- [ACTIVITY]
Please output the line containing "Сандали 40-41 номер" and all lines that follow it in the data below, exactly, with no pictures.

- [RECORDED INFORMATION]
*-*-*
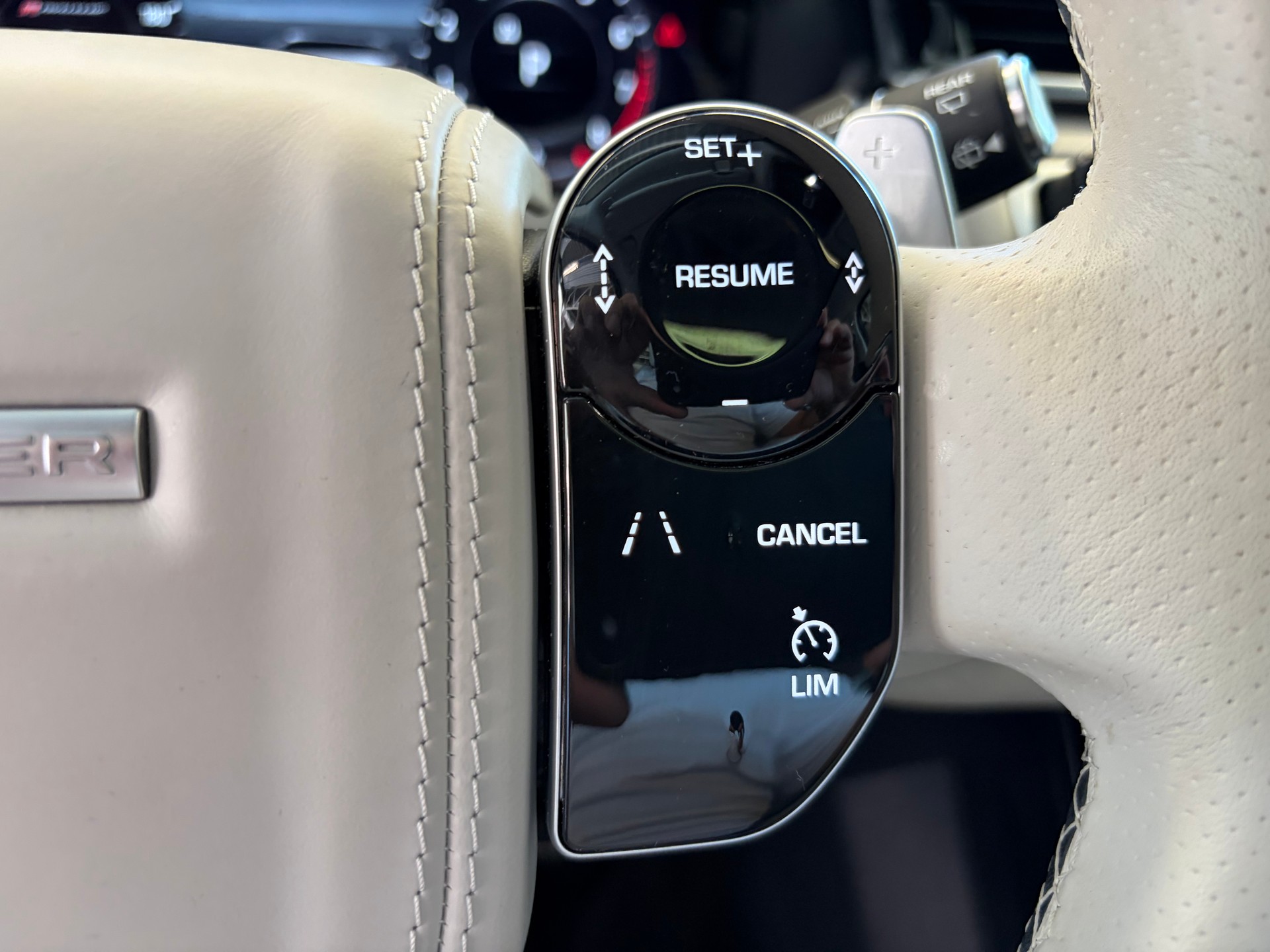 LAND ROVER Range Rover Velar R-Dynamic P 300 HSE | CH Fahrzeug | Panorama | Oyster | Luftfederung | Lückenlos Service |-image-19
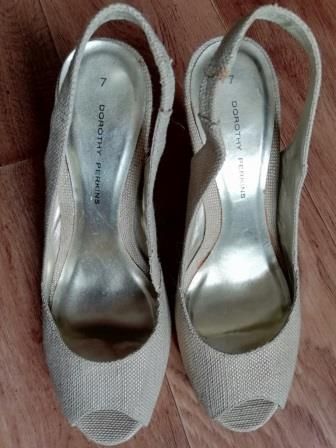 Сандали 40-41 номер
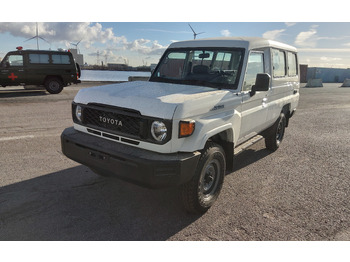 Voiture TOYOTA Land Cruiser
*-*-*
- [RESULT OF THIS EXERCISE]
 Сандали 40-41 номер
 Voiture TOYOTA Land Cruiser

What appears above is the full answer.